- Opening Delimiter -

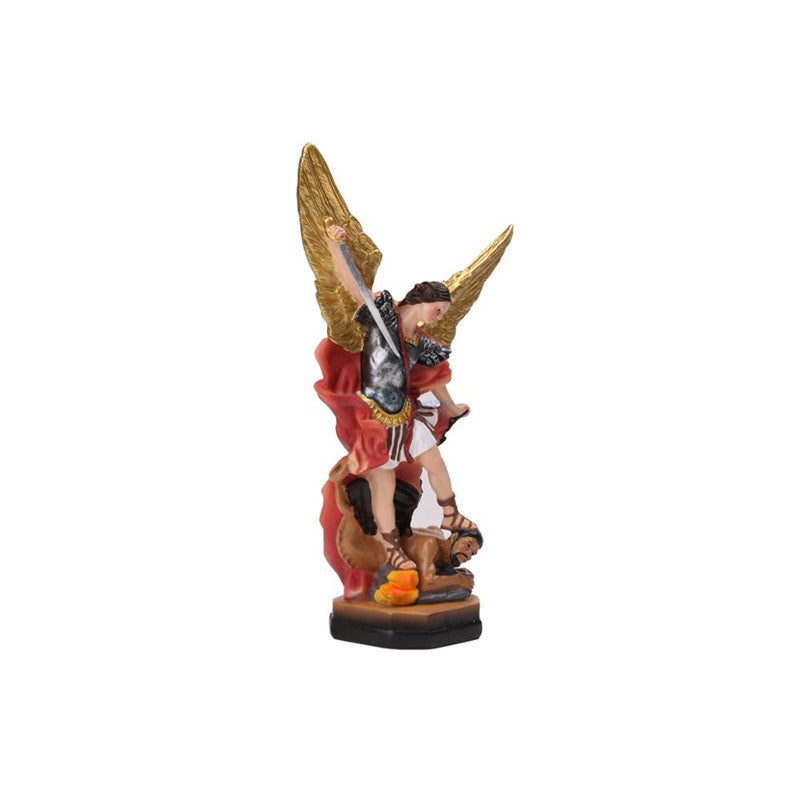 Enseigner Notre Dame Petit Ange Décoration 29cm Résine Artisanat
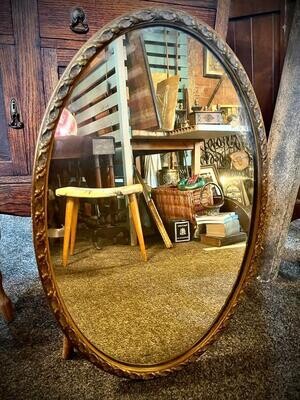 Large Vintage Oval Mirror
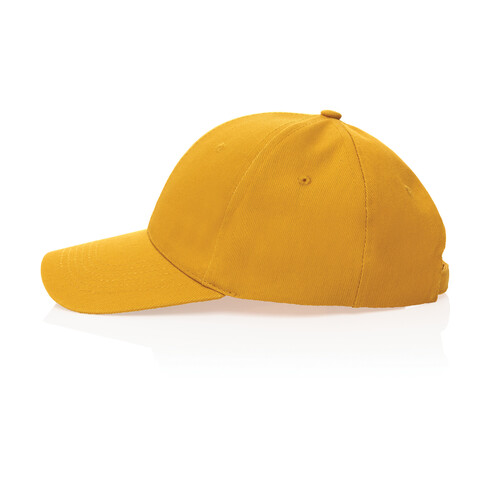 Impact 6 Panel Kappe aus 280gr rCotton mit AWARE™ Tracer gelb bedrucken, Art.-Nr. P453.306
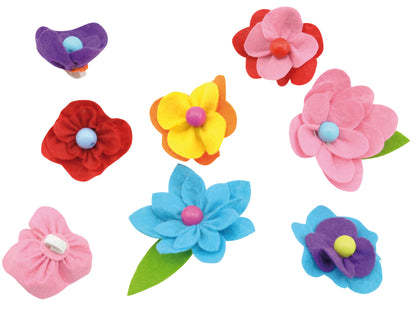 Felt Flower Headwear / Diadema Floral / manualidades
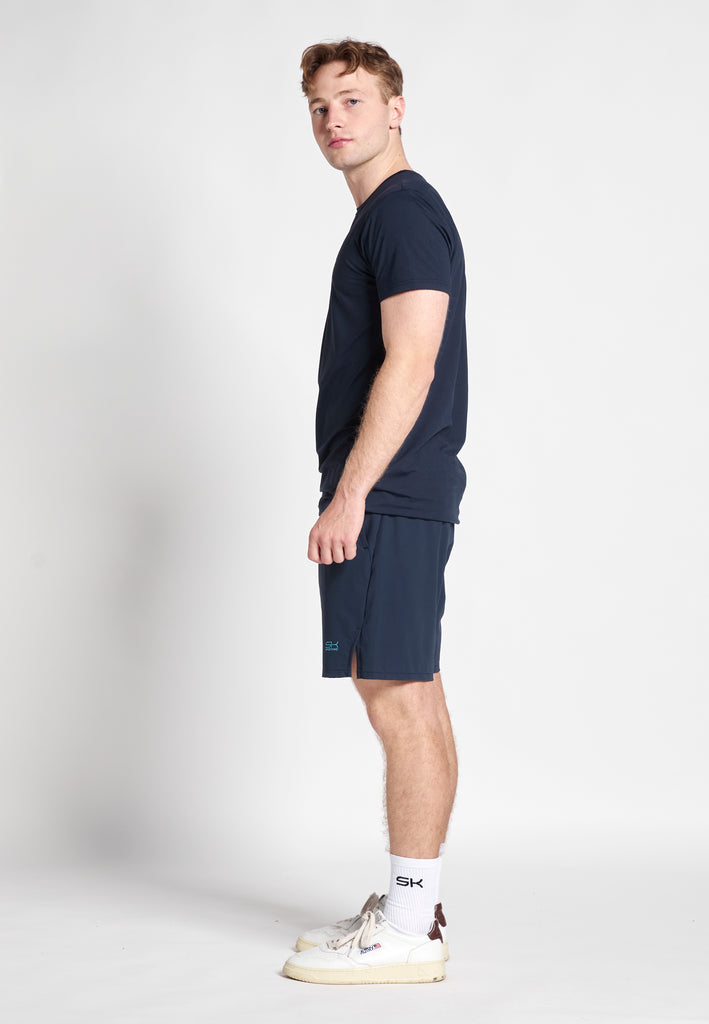 Jungen & Herren Tennis Shorts Performance fuer Herren & Jungen, navy blau von SPORTKIND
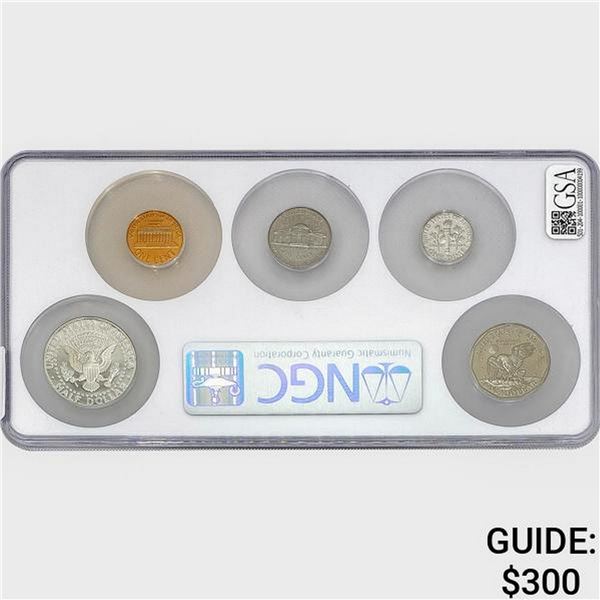 1999 Silver Proof Set [5 Coins] NGC PF69 Ultra Cameo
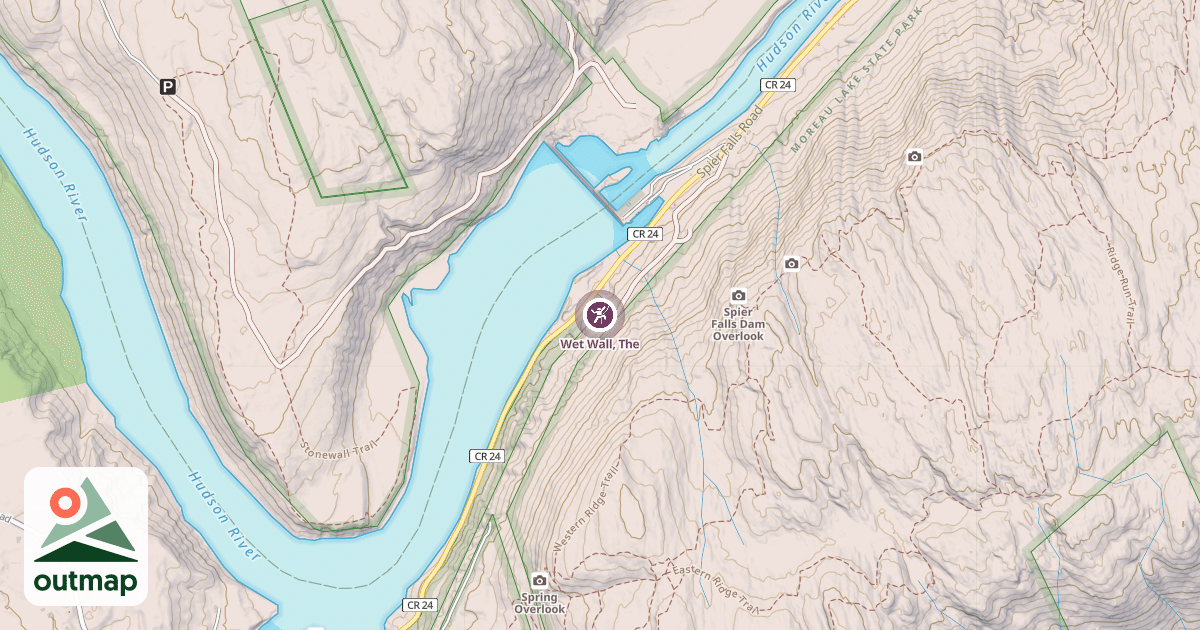 Map of Wet Wall, The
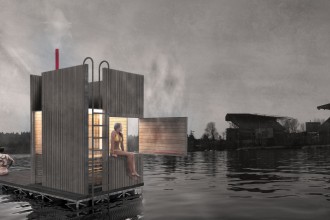 Floating sauna Seattle impression
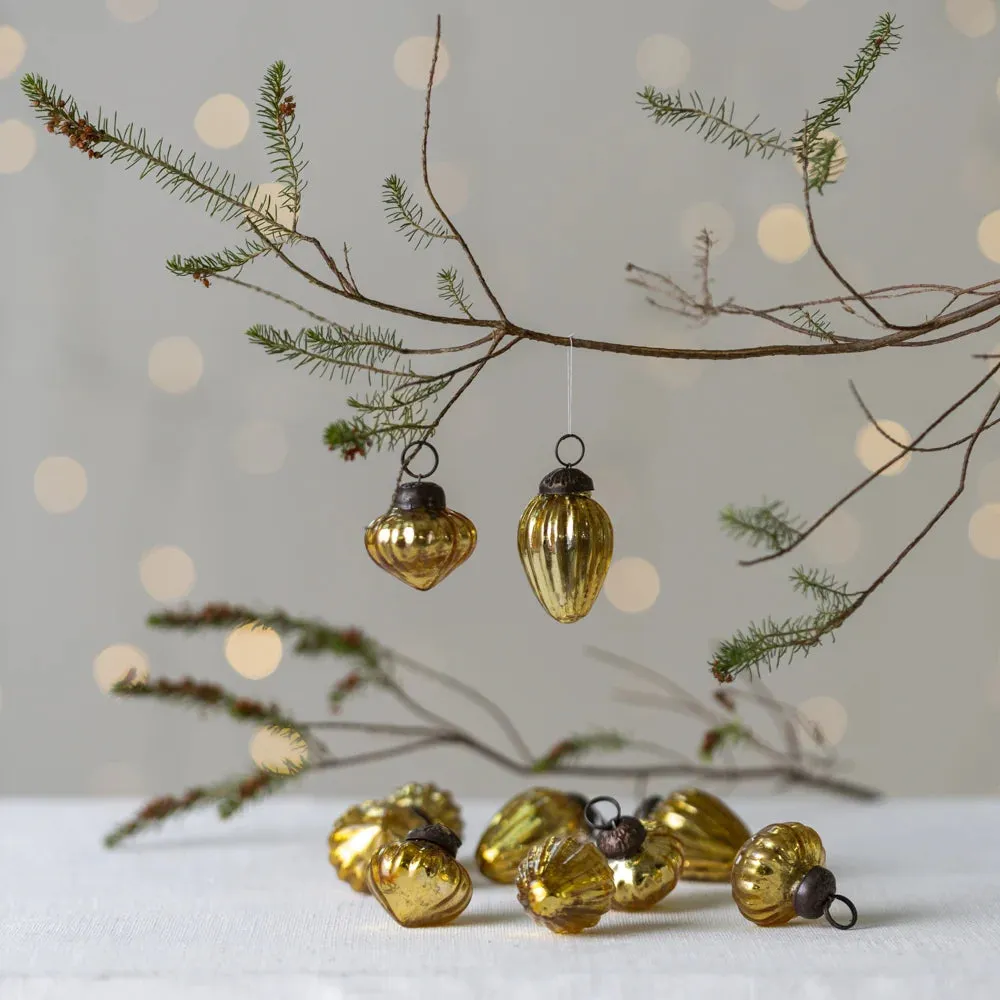 Mini Bauble  - Antique Gold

- Closing Delimiter -

__Work to be completed__. Take the preceding listing and transcribe it exactly, skipping the pictures.

__Your response__.
 Enseigner Notre Dame Petit Ange Décoration 29cm Résine Artisanat
 Large Vintage Oval Mirror
 Impact 6 Panel Kappe aus 280gr rCotton mit AWARE™ Tracer gelb bedrucken, Art.-Nr. P453.306
 Felt Flower Headwear / Diadema Floral / manualidades
 Jungen & Herren Tennis Shorts Performance fuer Herren & Jungen, navy blau von SPORTKIND
 1999 Silver Proof Set [5 Coins] NGC PF69 Ultra Cameo
 Map of Wet Wall, The
 Floating sauna Seattle impression
 Mini Bauble  - Antique Gold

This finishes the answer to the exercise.